I really like Strymon stuff. I have my sights set on the Lex. 

Did you have your pedal shipped to Canada? Did you get dinged with any brokerage charges?


----------



## 4345567 (Jun 26, 2008)

__________


----------



## Fader (Mar 10, 2009)

The Blue Sky is an amazing pedal. A little pricey, but worth it IMHO.

Next, I'll be ordering a Lex, when they become available.

I ordered mine direct and had it shipped to a US postal drop. Strymon didn't put any price on the enclosed invoice. So, I guess you could tell the Customs dude it cost $29.95. Of course, I would never do that. Customs didn't know what the hell it was anyway. Not too many people importing reverberators. They asked me if it was for time travel, like a flux capacitor.
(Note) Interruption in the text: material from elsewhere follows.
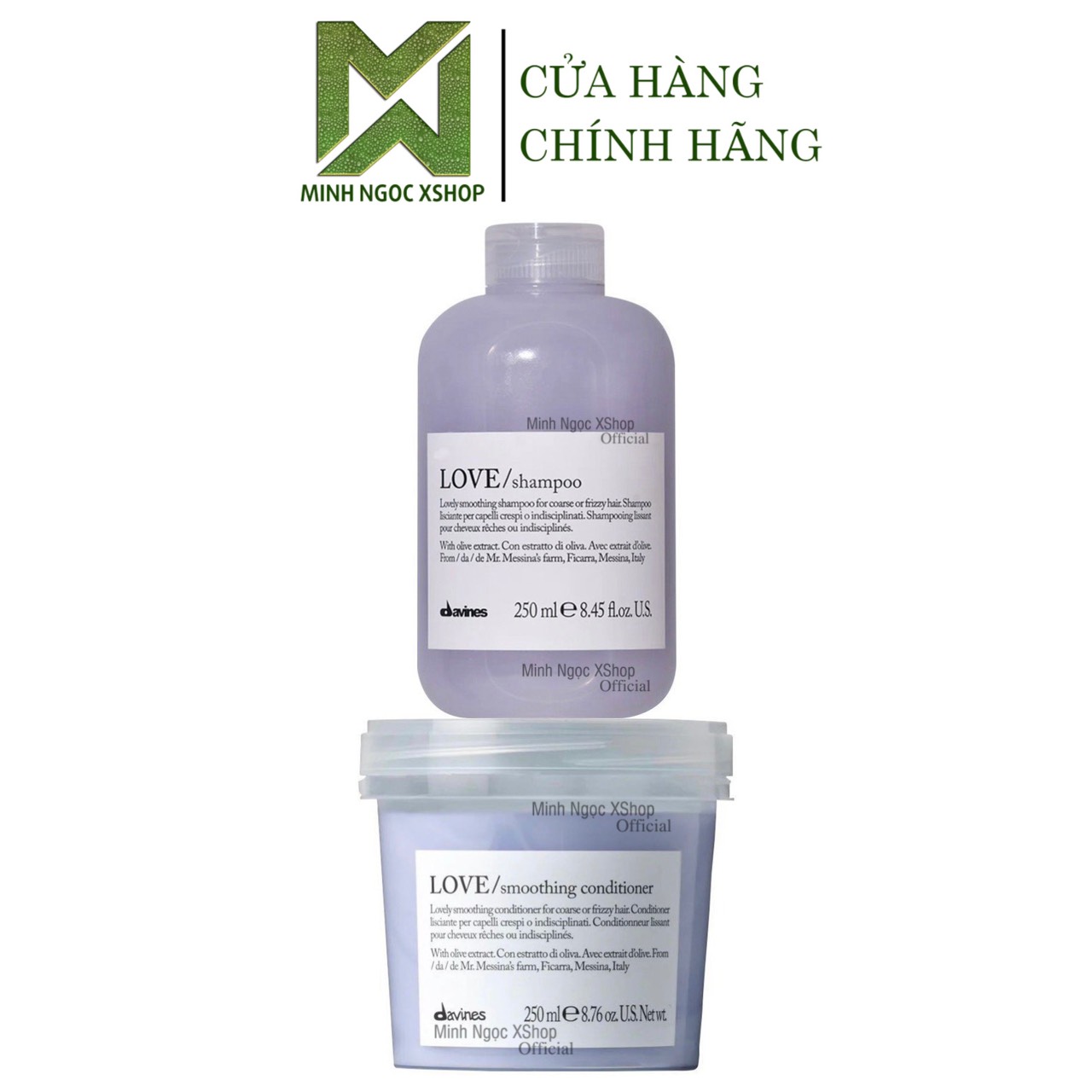 Dầu gội xả siêu mượt Davines Love Smoothing 250ML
I said it was for time travel, but only for going back in time, you can't go forward with this baby.


----------



## david henman (Feb 3, 2006)

...saving up for a timeline.

i even passed on an eventide pitchfactor that was going for $400 on craigslist, so that i can afford the timeline.


----------



## zurn (Oct 21, 2009)

I just ordered a El Capistan and I recevied the tracking number 3 mins later, now thats service!


----------



## seanmj (May 9, 2009)

Holding out for the timeline myself. Seems to cover most of what the El Cap can do... but with a heck of a lot more.

Sean Meredith-Jones
Welcome to SeanMeredithJones.com


----------



## zontar (Oct 25, 2007)

Hey, as I've said before--I love the Brigadier delay I won on this site--and if I had the cash I would check out more of their pedals--the demos I've seen look great--especially ones done by others, not them.


----------



## zurn (Oct 21, 2009)

seanmj said:


> Holding out for the timeline myself. Seems to cover most of what the El Cap can do... but with a heck of a lot more.
> 
> Sean Meredith-Jones
> Welcome to SeanMeredithJones.com


It does look very cool but the large footprint turned me off.


----------



## hollowbody (Jan 15, 2008)

I'd like a Cap and a Blue Sky myself! Strymon seems like they're making some really high-quality stuff and it's always good to see one manufacturer offering great pedals across the board.


----------